O carro da Prefeitura só vem na segunda, o que vou fazer para dar de comer a
essa criança? Pedir eu não peço. Falei com o motorista da Besta para ele nos
levar que eu pagava lá. Ele disse que não fazia fiado”.
Enquanto
falava, as lágrimas pingavam uma a uma no regaço do vestido. As mãos torciam
uma à outra. A bolsa, preta, de material ordinário, flácida, vazia, separava-a
da criança que então olhava, atenta, um pequeno jorro de água que brotava da
torneira mal fechada e originava um pequeno córrego a deslizar por entre o
capim limitado por pedras de contenção. Os olhos da mãe já há muito não
encaravam nada nem ninguém. Estavam perdidos no vazio. O desabafo era para o
mundo que a cercava.

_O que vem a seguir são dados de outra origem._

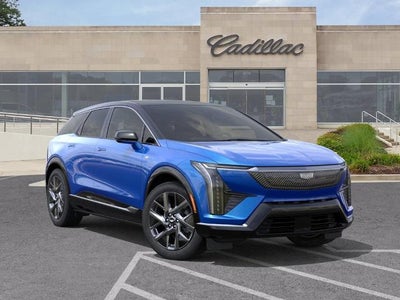 2027 Cadillac OPTIQ Premium Luxury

Eles apenas o desencadearam. Parecia alheada de tudo.
- “Olhe”,
disse um deles estendendo a mão que segurava a cédula.
Ela olhou
durante algum tempo antes de pegá-la. Abriram as portas do carro.
- “Como é o
nome dos senhores?” Levantara-se, puxando a menina.
- “Por quê?”
- “Eu quero
rezar pelos senhores”.
Foram-se. Pelo
vidro retrovisor era possível perceber a imagem que se distanciava. Continuavam
no mesmo lugar, imóveis, as duas, olhando o carro. Mesmo pelo espelho era
possível perceber uma mão segurando, firmemente, a cédula, enquanto a outra não
largava a criança que dava adeus, em câmara lenta – tão pequena, tão frágil –
destacando-se delicadamente contra o cinza da banca de revistas.